E essa “compreensibilidade” não surge no caso concreto porquanto, a conduta do sujeito passivo, nomeadamente a ocultação de factos e valores que deveriam ter sido declarados à administração fiscal, redundaram na não liquidação, entrega ou pagamento de impostos, de que resultou a correspondente vantagem patrimonial ilegítima, sendo que, como já ficou dito, existia facto tributário que obrigava aquela à liquidação, visto tratar-se de operações tributáveis nos indicados termos fixados no presente aresto e já apontados na decisão recorrida, o que implica a improcedência da pretensão da Recorrente neste âmbito.
Nesta sequência, e quanto à matéria da falta de fundamentação da liquidação de juros compensatórios, a jurisprudência deste Supremo Tribunal refere que “[e]stá cumprido o dever legal de fundamentação se na liquidação de juros compensatórios estão explicitados o motivo da liquidação (ter havido retardamento da liquidação de parte ou da totalidade do imposto, por facto imputável ao sujeito passivo - arts. 89º do CIVA e 35º da LGT) e se constam a indicação do imposto em falta sobre o qual incidem os juros, o período a que se aplica a taxa de juro, a taxa de juro aplicável ao período (feita por remissão para a taxa dos juros legais fixada nos termos do art. 559º nº 1 do CCivil) e o valor dos juros” - Acórdão do Supremo Tribunal Administrativo de 9 de Março de 2016, Proc. nº 0805/15, www.dgsi.pt.

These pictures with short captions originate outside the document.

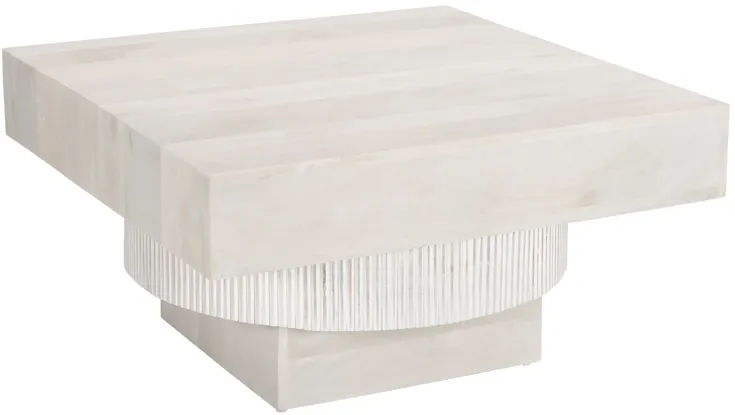 Trani Coffee Table Whitewashed
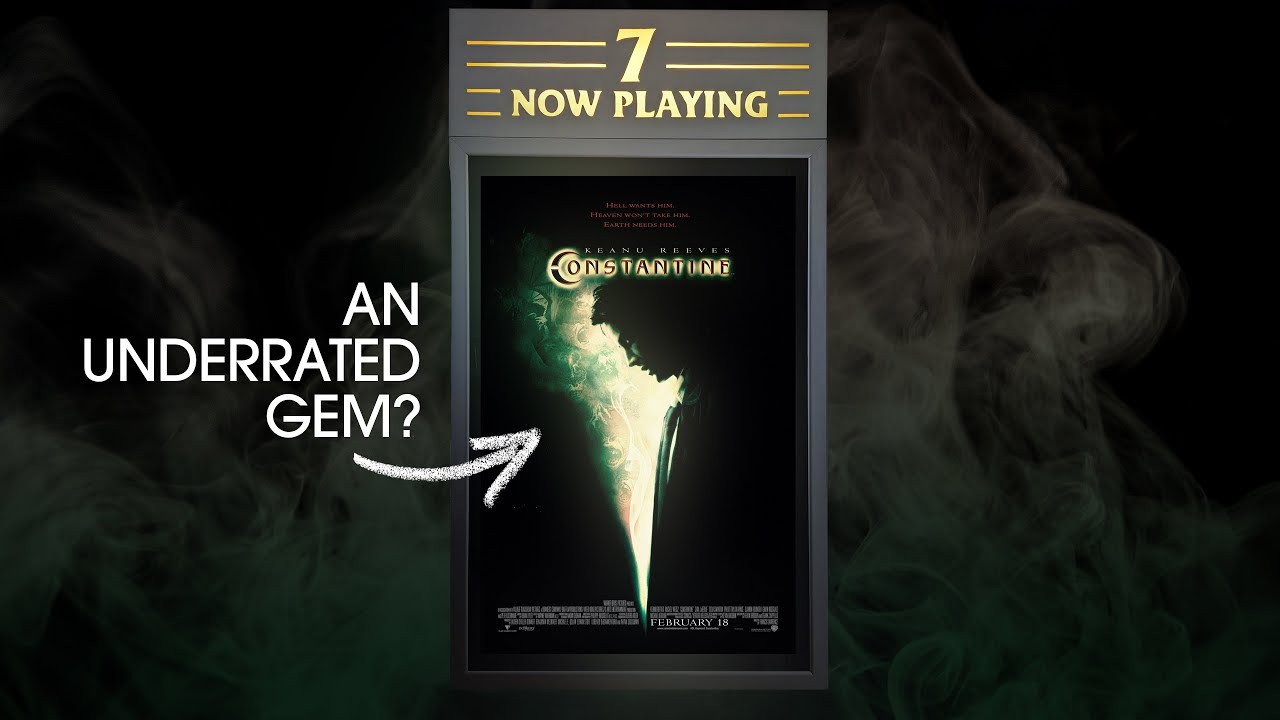 CONSTANTINE: This movie is better than you remember.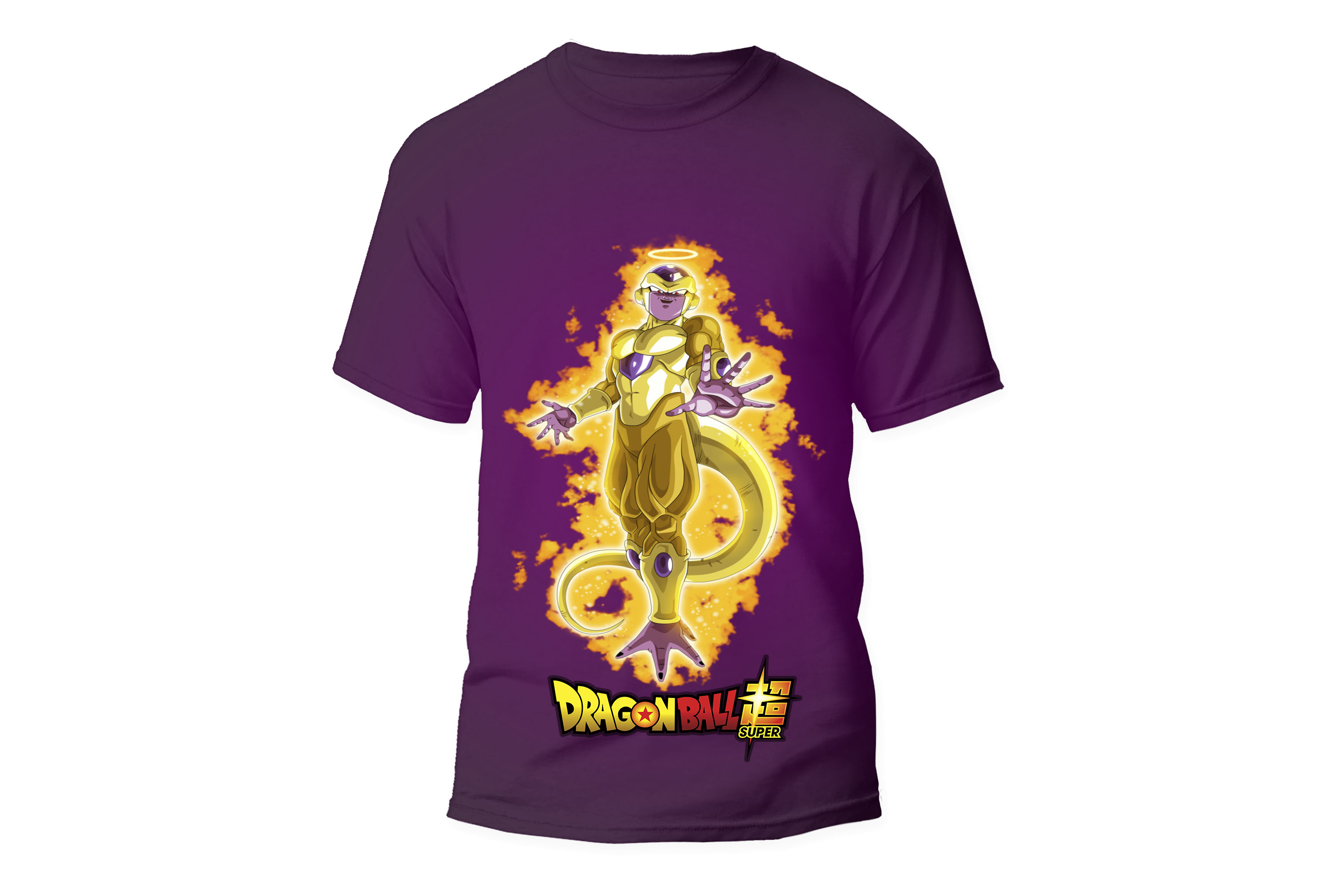 Camisa Freeza Gold Dragon Ball Super T-Shirt
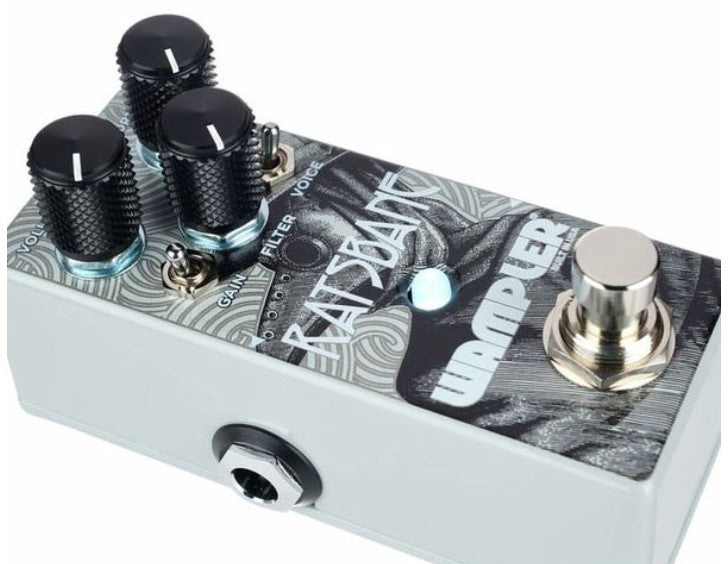 Wampler Ratsbane Pedal Distorsión 11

Pois bem, perante os elementos que enquadram a liquidação em apreço de acordo com o RIT e que evidenciam a bondade da mesma e outros elementos, como a nota demonstrativa da liquidação de juros compensatórios, que contém todos os elementos necessários à sua percepção, designadamente a disposição legal aplicável, o valor do imposto sobre que incidem, o período temporal em que são aplicáveis, a taxa e o valor apurado, tem de entender-se que não existe qualquer situação de falta de fundamentação da liquidação de juros compensatórios, não existindo qualquer elemento que possa colocar em crise a compreensão da decisão tomada pela AT e, nesta medida, a capacidade da Recorrente para elaborar a melhor defesa perante as liquidações em apreço, o que conduz à total improcedência do presente recurso.
Uma vez que a concreta situação dos autos é em tudo similar àquela que foi anteriormente julgada por este Supremo Tribunal, apenas diferindo as datas a que diziam respeito o imposto em falta, no caso dos autos exercícios de 2008 e 2009, no caso do acórdão citado, exercícios de 2010 e 2011, e não havendo razão agora para decidir diferentemente, também teremos que concluir por assistir razão à Administração Tributária.
Nestes termos, acordam em conferência os juízes da Secção de Contencioso Tributário deste Tribunal, em conceder provimento ao recurso jurisdicional interposto pela Recorrente AT, revogar a sentença recorrida e, em consequência, julgar improcedente a presente impugnação.
Custas em ambas as instâncias pela Recorrida.
D.n.
Lisboa, 5 de Junho de 2024. - Jorge Miguel Barroso de Aragão Seia (relator) - Nuno Filipe Morgado Teixeira Bastos - Pedro Nuno Pinto Vergueiro.